Still, still, the suns of summer greet
The mountain-grave of Helikê,
And shepherds still their songs repeat
Where breaks the blue Sicilian sea.’
Or Lionel Johnson (1890) about the subject in general:
‘Fain to know golden things, fain to grow wise,
Fain to achieve the secret of fair souls:
His thought, scarce other lore need solemnise,
Whom Virgil calms, whom Sophocles controls.’
Who in their right minds would not revolt against this dead handle-turning?
Gillespie’s anthology records and discusses poets’ responses to classical poets (in prose and verse) from the 15th-20th c. The anthology is arranged by classical author, with poets’ responses in chronological order under each head. Each author gets a useful general introduction and the poems are well annotated. While there is much to groan over, there is much also to rejoice in. Anacreon, by tradition a famous lecher and drunkard, is said to have choked to death on a grape-pip. Cowley’s ‘Elegy upon Anacreon’ (1656) ends:
‘It grieves me when I see what fate
Does on the best of mankind wait.
Poets or lovers let them be,
’Tis neither love nor poesie
Can arm against death’s smallest dart
The poet’s head, or lover’s heart.
But when their life in its decline
Touches the inevitable line,
All the world’s mortal to them then,
And wine is aconite to men.
Nay, in death’s hand the grape-stone proves
As strong as thunder is in Jove’s.’
But is the tradition moribund? Tony Harrison, even now preparing a version of Lysistrata and Euripides’s Trojan Women for the National Theatre in 1989, would not agree, but he does not appear in this anthology. I think Gillespie sells the 20th c slightly short.
The corpse certainly rattles its bones in William Race’s Classical Genres and English Poetry. Identifying the typical structure and content of some of the major genres of Classical poetry, eg the carpe diem theme, the recusatio (the poet’s reason for not writing in a particular style or on a particular subject), the priamel (‘Others may prefer a, b and c, but I like…’) etc, Race applies his findings to English poetry. He deduces four major premises concerning ‘life’ in the Classical carpe diem poem – that death is irrevocable, and inevitable, that the future is beyond our control, and existence is transient – and under each premise, identifies typical arguments (eg ‘not even X could escape death’).

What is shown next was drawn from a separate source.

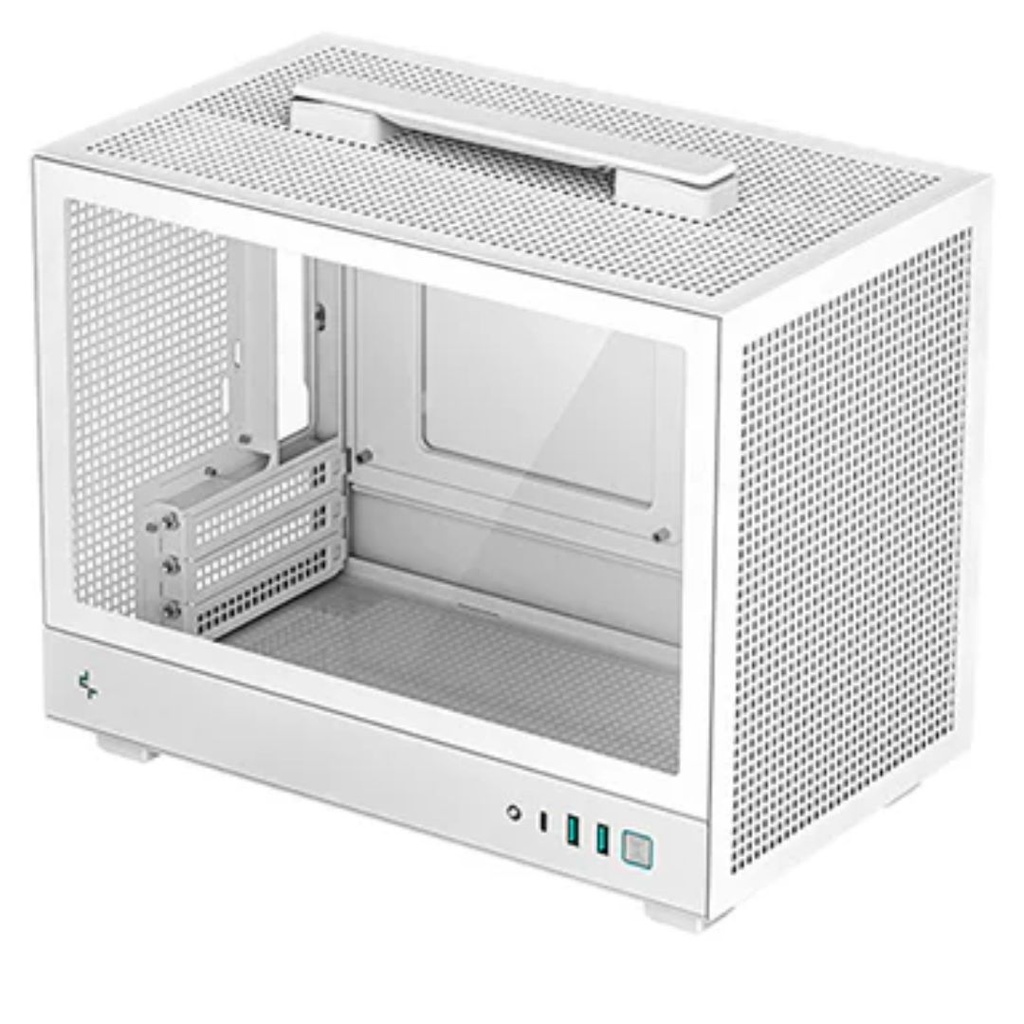 [6933412774006] 6933412774006 DeepCool CH160 MESH WH Ultra-Portable Mini-ITX Case, 2x USB 3.0, 1x USB-C 3.2, HD Audio, High Airflow Panels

After considering some Latin models, Race turns his attention to ‘Mignonne, allons voir si la rose’, ‘Come, my Celia, let us prove’, ‘Had we but world enough and time’ (among others) and discusses the fit between the Classical model and its later counterparts.
If all this sounds worthily didactic, it is: the book has its origin in an undergraduate course for Americans. As such, it is probably extremely valuable. What will strike the well-read and intelligent reader of LR as something of a plodding tortoise may well, to the addled and recumbent brains of many an American (and English) undergraduate, assume the aspect of an eagle in full thunderous swoop.
For LR readers, I suspect there are two problems with Race’s book. First, the ‘so-what’ factor is alarmingly high. Race’s analysis rarely seems to me to elucidate anything about a poem that its existing structure and content do not already make crystal clear. If these are bones, they are dry bones: they do not make the poems live. Second, Race is carried away by his enthusiasm for seeing Classical paradigms everywhere. Thus, Race calls Keats’s ‘On first looking into Chapman’s Homer’ a priamel. Yet the argument of that poem is not ‘Some people like a, b and c but I prefer Homer’, but ‘It was not till I read Chapman’s Homer that I understood what the fuss was all about’. Race even gets his Classical models wrong. When Sappho argues that the finest thing on earth is not the military, but what a person loves, Race argues that this is a recusatio: Sappho refuses to write about epic subjects, and opts to write about love instead. But there is nothing in the poem about Sappho’s decision to write about a topic, any more than there is in Shakespeare’s sonnet 91 (‘Some glory in their birth…’). To the question ‘What is the finest thing’?’, Sappho answers ‘my love’, not ‘writing about my love’.
These books raise two important questions: in what sense did, and do, these bones live? And what should we do about them? The new, brilliantly stupid National Curriculum, so hostile to invention, wit, diversity and distinctiveness (ie everything that makes education fun), simply consigns them with a clang to the charnelhouse. It will be interesting to see if, in the name of education, our glorious Cabinet finally succeeds in making one mighty Dunciad of the land.